* [Source data]
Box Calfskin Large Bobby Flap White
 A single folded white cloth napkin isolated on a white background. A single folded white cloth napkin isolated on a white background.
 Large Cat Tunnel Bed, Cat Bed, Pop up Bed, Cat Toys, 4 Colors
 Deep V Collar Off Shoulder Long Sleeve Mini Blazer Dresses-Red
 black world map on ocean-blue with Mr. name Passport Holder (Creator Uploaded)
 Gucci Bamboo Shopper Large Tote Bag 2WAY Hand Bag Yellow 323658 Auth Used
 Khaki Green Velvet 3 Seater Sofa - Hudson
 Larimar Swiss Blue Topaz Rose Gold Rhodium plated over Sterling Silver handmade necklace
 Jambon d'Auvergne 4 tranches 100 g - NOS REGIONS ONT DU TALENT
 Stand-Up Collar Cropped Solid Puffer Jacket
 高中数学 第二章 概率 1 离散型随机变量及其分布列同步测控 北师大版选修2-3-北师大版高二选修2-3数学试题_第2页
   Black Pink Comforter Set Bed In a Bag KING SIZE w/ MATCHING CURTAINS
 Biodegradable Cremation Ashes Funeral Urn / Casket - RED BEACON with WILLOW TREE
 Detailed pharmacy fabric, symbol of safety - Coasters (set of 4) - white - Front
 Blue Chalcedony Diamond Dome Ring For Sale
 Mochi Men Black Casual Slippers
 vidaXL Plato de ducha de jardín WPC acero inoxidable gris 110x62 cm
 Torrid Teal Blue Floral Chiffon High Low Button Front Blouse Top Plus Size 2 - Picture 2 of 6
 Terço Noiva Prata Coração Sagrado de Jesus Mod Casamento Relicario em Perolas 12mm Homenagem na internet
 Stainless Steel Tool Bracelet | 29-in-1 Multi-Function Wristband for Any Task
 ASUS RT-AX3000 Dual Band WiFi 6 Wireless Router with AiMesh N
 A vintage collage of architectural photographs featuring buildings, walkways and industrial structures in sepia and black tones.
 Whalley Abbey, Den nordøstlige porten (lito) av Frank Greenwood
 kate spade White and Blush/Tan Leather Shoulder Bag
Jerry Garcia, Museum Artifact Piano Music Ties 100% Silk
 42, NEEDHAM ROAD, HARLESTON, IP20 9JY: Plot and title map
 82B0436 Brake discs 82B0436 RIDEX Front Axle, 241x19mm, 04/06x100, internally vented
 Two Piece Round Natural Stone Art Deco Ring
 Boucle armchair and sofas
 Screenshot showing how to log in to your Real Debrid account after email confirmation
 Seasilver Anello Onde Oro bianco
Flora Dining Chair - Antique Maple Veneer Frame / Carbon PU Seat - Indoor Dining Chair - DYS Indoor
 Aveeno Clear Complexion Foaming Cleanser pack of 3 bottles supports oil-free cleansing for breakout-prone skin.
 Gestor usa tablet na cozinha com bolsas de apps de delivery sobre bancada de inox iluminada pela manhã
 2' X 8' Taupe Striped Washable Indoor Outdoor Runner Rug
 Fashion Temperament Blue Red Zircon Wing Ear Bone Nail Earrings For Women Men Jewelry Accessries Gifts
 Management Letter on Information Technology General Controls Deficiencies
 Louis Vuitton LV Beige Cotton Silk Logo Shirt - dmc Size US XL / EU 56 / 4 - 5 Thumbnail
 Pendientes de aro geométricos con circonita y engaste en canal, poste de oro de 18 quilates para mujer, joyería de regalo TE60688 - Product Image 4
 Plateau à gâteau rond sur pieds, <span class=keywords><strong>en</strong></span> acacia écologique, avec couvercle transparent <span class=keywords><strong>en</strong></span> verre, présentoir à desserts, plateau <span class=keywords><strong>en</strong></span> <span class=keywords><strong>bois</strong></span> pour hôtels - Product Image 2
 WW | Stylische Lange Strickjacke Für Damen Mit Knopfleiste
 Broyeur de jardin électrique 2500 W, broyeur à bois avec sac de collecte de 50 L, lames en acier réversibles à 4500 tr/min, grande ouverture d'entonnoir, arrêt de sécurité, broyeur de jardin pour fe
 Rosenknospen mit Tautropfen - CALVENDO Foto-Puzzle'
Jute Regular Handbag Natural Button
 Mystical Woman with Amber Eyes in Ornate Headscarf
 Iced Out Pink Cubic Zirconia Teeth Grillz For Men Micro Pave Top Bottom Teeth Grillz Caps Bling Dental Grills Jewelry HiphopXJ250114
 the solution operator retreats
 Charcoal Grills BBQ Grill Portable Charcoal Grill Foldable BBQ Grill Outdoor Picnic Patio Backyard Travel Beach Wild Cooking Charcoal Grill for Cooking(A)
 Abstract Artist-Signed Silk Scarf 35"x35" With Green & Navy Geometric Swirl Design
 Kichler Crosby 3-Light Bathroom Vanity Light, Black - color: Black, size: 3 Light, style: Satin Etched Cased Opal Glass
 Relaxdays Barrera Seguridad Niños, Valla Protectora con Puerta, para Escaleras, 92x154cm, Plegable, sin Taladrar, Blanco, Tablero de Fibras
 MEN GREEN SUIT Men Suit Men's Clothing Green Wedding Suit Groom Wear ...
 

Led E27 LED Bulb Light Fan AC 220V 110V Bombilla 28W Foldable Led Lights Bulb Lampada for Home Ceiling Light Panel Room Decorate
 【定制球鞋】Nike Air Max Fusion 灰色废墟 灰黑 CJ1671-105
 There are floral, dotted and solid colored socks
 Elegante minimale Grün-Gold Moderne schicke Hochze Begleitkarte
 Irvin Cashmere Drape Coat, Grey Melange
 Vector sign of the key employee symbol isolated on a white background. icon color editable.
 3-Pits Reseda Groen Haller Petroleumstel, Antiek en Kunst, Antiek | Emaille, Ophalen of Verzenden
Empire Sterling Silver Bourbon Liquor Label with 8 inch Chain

* [What you have to do] Nothing in the records may be left out; reproduce them exactly.

* [Your solution]
Box Calfskin Large Bobby Flap White
 A single folded white cloth napkin isolated on a white background. A single folded white cloth napkin isolated on a white background.
 Large Cat Tunnel Bed, Cat Bed, Pop up Bed, Cat Toys, 4 Colors
 Deep V Collar Off Shoulder Long Sleeve Mini Blazer Dresses-Red
 black world map on ocean-blue with Mr. name Passport Holder (Creator Uploaded)
 Gucci Bamboo Shopper Large Tote Bag 2WAY Hand Bag Yellow 323658 Auth Used
 Khaki Green Velvet 3 Seater Sofa - Hudson
 Larimar Swiss Blue Topaz Rose Gold Rhodium plated over Sterling Silver handmade necklace
 Jambon d'Auvergne 4 tranches 100 g - NOS REGIONS ONT DU TALENT
 Stand-Up Collar Cropped Solid Puffer Jacket
 高中数学 第二章 概率 1 离散型随机变量及其分布列同步测控 北师大版选修2-3-北师大版高二选修2-3数学试题_第2页
   Black Pink Comforter Set Bed In a Bag KING SIZE w/ MATCHING CURTAINS
 Biodegradable Cremation Ashes Funeral Urn / Casket - RED BEACON with WILLOW TREE
 Detailed pharmacy fabric, symbol of safety - Coasters (set of 4) - white - Front
 Blue Chalcedony Diamond Dome Ring For Sale
 Mochi Men Black Casual Slippers
 vidaXL Plato de ducha de jardín WPC acero inoxidable gris 110x62 cm
 Torrid Teal Blue Floral Chiffon High Low Button Front Blouse Top Plus Size 2 - Picture 2 of 6
 Terço Noiva Prata Coração Sagrado de Jesus Mod Casamento Relicario em Perolas 12mm Homenagem na internet
 Stainless Steel Tool Bracelet | 29-in-1 Multi-Function Wristband for Any Task
 ASUS RT-AX3000 Dual Band WiFi 6 Wireless Router with AiMesh N
 A vintage collage of architectural photographs featuring buildings, walkways and industrial structures in sepia and black tones.
 Whalley Abbey, Den nordøstlige porten (lito) av Frank Greenwood
 kate spade White and Blush/Tan Leather Shoulder Bag
Jerry Garcia, Museum Artifact Piano Music Ties 100% Silk
 42, NEEDHAM ROAD, HARLESTON, IP20 9JY: Plot and title map
 82B0436 Brake discs 82B0436 RIDEX Front Axle, 241x19mm, 04/06x100, internally vented
 Two Piece Round Natural Stone Art Deco Ring
 Boucle armchair and sofas
 Screenshot showing how to log in to your Real Debrid account after email confirmation
 Seasilver Anello Onde Oro bianco
Flora Dining Chair - Antique Maple Veneer Frame / Carbon PU Seat - Indoor Dining Chair - DYS Indoor
 Aveeno Clear Complexion Foaming Cleanser pack of 3 bottles supports oil-free cleansing for breakout-prone skin.
 Gestor usa tablet na cozinha com bolsas de apps de delivery sobre bancada de inox iluminada pela manhã
 2' X 8' Taupe Striped Washable Indoor Outdoor Runner Rug
 Fashion Temperament Blue Red Zircon Wing Ear Bone Nail Earrings For Women Men Jewelry Accessries Gifts
 Management Letter on Information Technology General Controls Deficiencies
 Louis Vuitton LV Beige Cotton Silk Logo Shirt - dmc Size US XL / EU 56 / 4 - 5 Thumbnail
 Pendientes de aro geométricos con circonita y engaste en canal, poste de oro de 18 quilates para mujer, joyería de regalo TE60688 - Product Image 4
 Plateau à gâteau rond sur pieds, <span class=keywords><strong>en</strong></span> acacia écologique, avec couvercle transparent <span class=keywords><strong>en</strong></span> verre, présentoir à desserts, plateau <span class=keywords><strong>en</strong></span> <span class=keywords><strong>bois</strong></span> pour hôtels - Product Image 2
 WW | Stylische Lange Strickjacke Für Damen Mit Knopfleiste
 Broyeur de jardin électrique 2500 W, broyeur à bois avec sac de collecte de 50 L, lames en acier réversibles à 4500 tr/min, grande ouverture d'entonnoir, arrêt de sécurité, broyeur de jardin pour fe
 Rosenknospen mit Tautropfen - CALVENDO Foto-Puzzle'
Jute Regular Handbag Natural Button
 Mystical Woman with Amber Eyes in Ornate Headscarf
 Iced Out Pink Cubic Zirconia Teeth Grillz For Men Micro Pave Top Bottom Teeth Grillz Caps Bling Dental Grills Jewelry HiphopXJ250114
 the solution operator retreats
 Charcoal Grills BBQ Grill Portable Charcoal Grill Foldable BBQ Grill Outdoor Picnic Patio Backyard Travel Beach Wild Cooking Charcoal Grill for Cooking(A)
 Abstract Artist-Signed Silk Scarf 35"x35" With Green & Navy Geometric Swirl Design
 Kichler Crosby 3-Light Bathroom Vanity Light, Black - color: Black, size: 3 Light, style: Satin Etched Cased Opal Glass
 Relaxdays Barrera Seguridad Niños, Valla Protectora con Puerta, para Escaleras, 92x154cm, Plegable, sin Taladrar, Blanco, Tablero de Fibras
 MEN GREEN SUIT Men Suit Men's Clothing Green Wedding Suit Groom Wear ...
 

Led E27 LED Bulb Light Fan AC 220V 110V Bombilla 28W Foldable Led Lights Bulb Lampada for Home Ceiling Light Panel Room Decorate
 【定制球鞋】Nike Air Max Fusion 灰色废墟 灰黑 CJ1671-105
 There are floral, dotted and solid colored socks
 Elegante minimale Grün-Gold Moderne schicke Hochze Begleitkarte
 Irvin Cashmere Drape Coat, Grey Melange
 Vector sign of the key employee symbol isolated on a white background. icon color editable.
 3-Pits Reseda Groen Haller Petroleumstel, Antiek en Kunst, Antiek | Emaille, Ophalen of Verzenden
Empire Sterling Silver Bourbon Liquor Label with 8 inch Chain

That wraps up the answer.